What is next level ?#
For anything to go to the next level, we need to first identify problems on this level and solve them.
Is that it?
Well, to define is to limit, right?
Problems on this level#
At Setu, updating docs across all products presented a challenge as the pace at which products evolved was way higher than the pace of updating docs and this resulted in longer integration times for developers.
The ability to update docs on par with products was hindered by the way people contributed to our docs and this problem should be solved.
"Documentation that is easy to contribute to is also easy to keep up-to-date" — Adam Scott
Docs setup#
For our docs, we needed a headless CMS as our design team put together an extraordinary set of design components that defines Setu and we just can’t afford to not use them. Shoutout to them!
We chose Strapi as CMS (Content Management System) for our docs. Strapi is an open-source, node.js, headless CMS with nearly 43K people starring its GitHub repo and a lot of community attached to the whole product.
Strapi provided us with the ability to make changes quickly and deploy them. Few folks at Setu got to speed with Strapi pretty quickly and docs were being updated at a better pace. We thought we're heading in the right direction to solve the problem.
After 8 months of integrating and using Strapi, things started to go south and it turned out, it wasn’t the right tool for Setu. With Strapi, came problems too, slowly.
1 - Learning curve#
Strapi’s admin UI was intuitive only for a few folks and it needed a steep learning curve for others to add pages, content, and components. Teams were not comfortable onboarding onto Strapi. Hence, the responsibility has fallen to a limited number of people and bus-factor for updating docs became extremely low.
2 - Lack of parallel editing#
On Strapi, we couldn't edit a page in parallel. This resulted in someone or the other losing their changes for that page. Teams had to co-ordinate on a deeper level to ensure there is no such occurrence.
3 - Design components#
As we have custom design components that are used in docs, adding them to Strapi via the editor presented a challenge as we need to format the component code every time in order to render them and this is a hassle on its own. Another reason for low bus-factor.
4 - Dependent deployments#
Lack of selectivity for collections to deploy. If I’m editing collection C1 and someone else is editing collection C2, for C1 to be deployed to production, C2 should also be production-ready or they need to stash their changes. If not, unreviewed C2 changes will end up in prod. This created a dependency across products to update documentation.
Goodbye Strapi, thanks for trying! ❤️
Phase 1#
Putting all the above problems into perspective, we needed something that was more flexible and which we have more control over. That’s Phase 1, introducing, Lightyear.
Lightyear is a Git-based flat-file CMS with content written in MDX and content files live inside the repo, making it easier to edit and track changes. This is built in-house at Setu.
Folder structure
As it is a flat-file CMS, the folder struture looks like a tree. Top-level root folder is divided into Categories. Each Category has multiple products. Each Product has multiple pages written in MDX.
Solves Design components
Being a MDX system, all we need to do is just import the design component into the file and it gets rendered. No hassle to format these components.

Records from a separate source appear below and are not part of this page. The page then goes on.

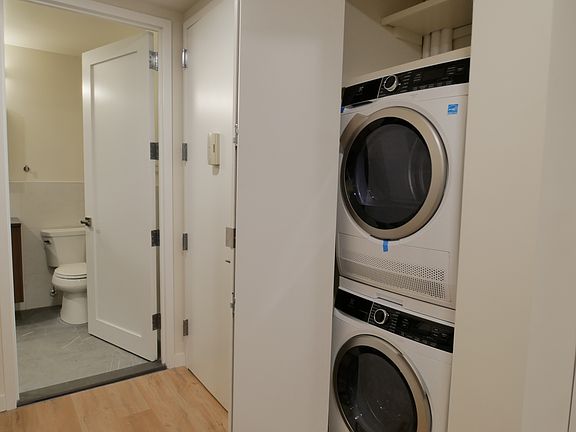 5th image of 336 E 82nd St APT 3D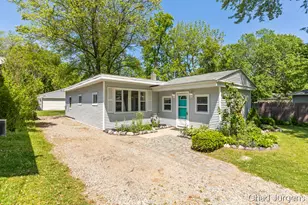 841 Harding St NW, Grand Rapids, MI 49544 - Photo 1
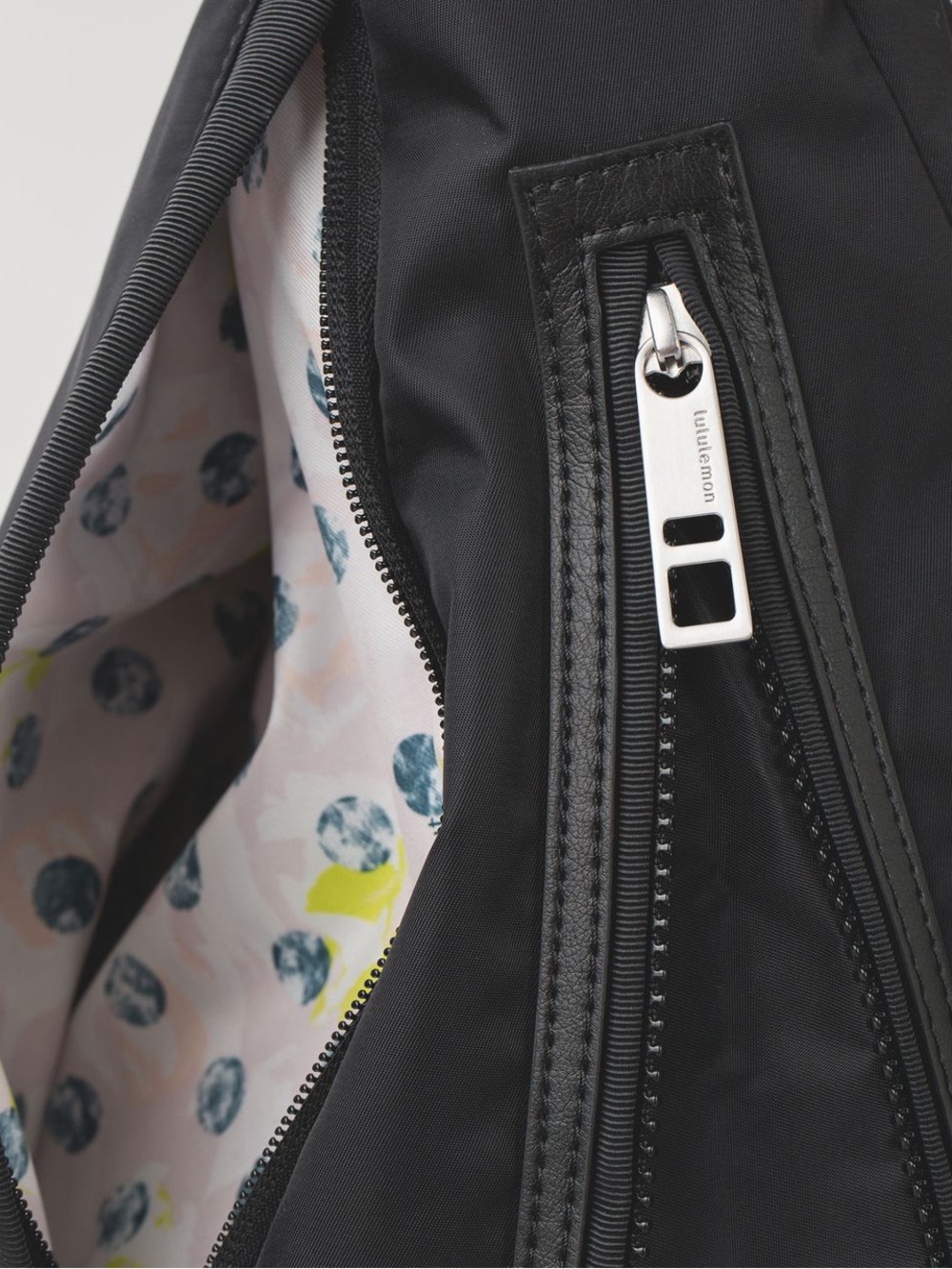 Lululemon Resolution Hobo Black YK2 - Picture 4 of 5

Solves Lack of parallel editing
Being a Git-based system, anyone can clone the repo, create a branch and edit asynchronously. At the end of the day, resolve merge conflicts when making it live.
Solves Dependent Deployments
As changes are happening asynchronously, deployments need not depend on other changes. Any change can be pushed to production at any time.

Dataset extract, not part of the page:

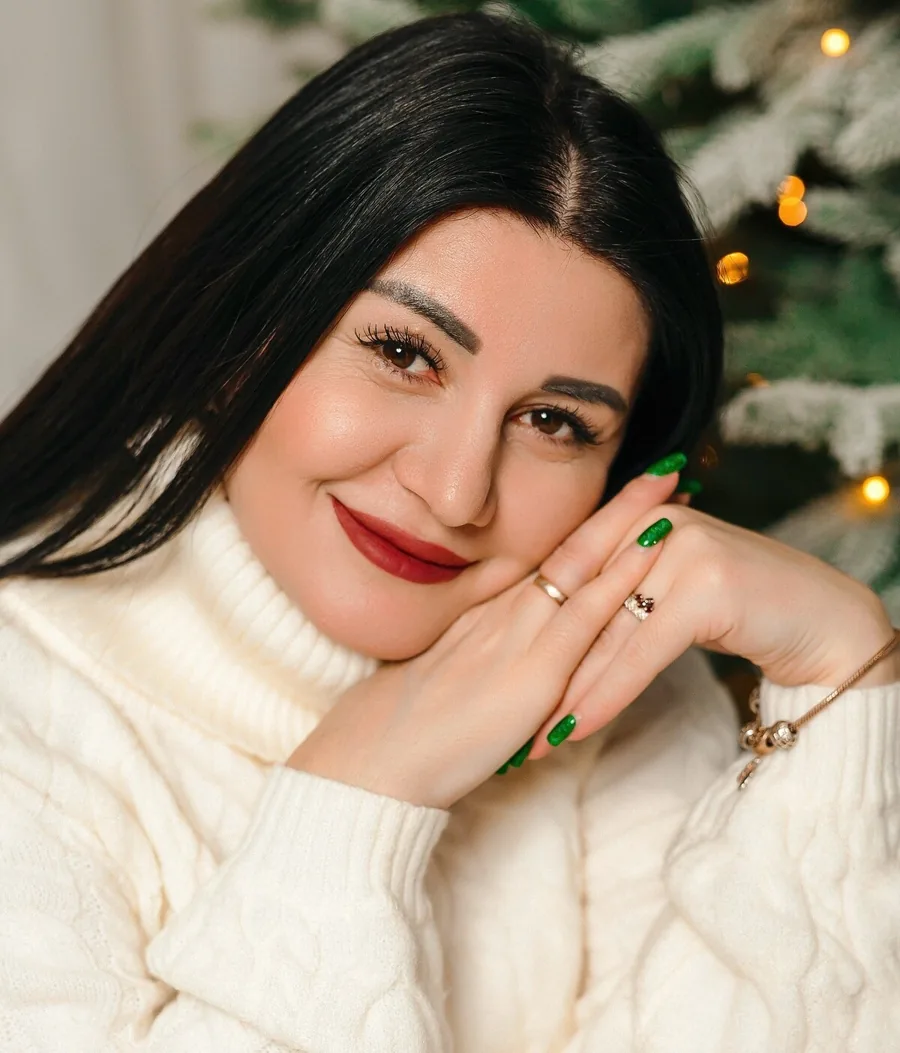 Света Алиева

Trying to solve Learning curve
Git-based system comes with an assumption that people are familiar with Git, which is true for most of Setu but we want to leave no stone unturned. So, we’re trying to make people at Setu get familiar with Git, so they can use Lightyear for writing content. Hence, this is a WIP!
Admin Panel
Lightyear comes with an Admin Panel to upload and view images for docs, so we can use the URL in the content files. Images are uploaded to a GCP bucket.
With the introduction of Lightyear, we aim to setup a framework at Setu that can bring an orbital shift in the way we envision our documentation and onboard as many Setuzens as possible to contribute to Setu docs and improve the experience to write content.
What’s next?#
This is an ongoing process and we’ll be back with what happened in Phase 2 when it goes live.
There are definitely plans to make Lightyear open-source as dealing with CMS can be a common problem for lot of companies out there and if there is a chance to contribute, we would love to do that.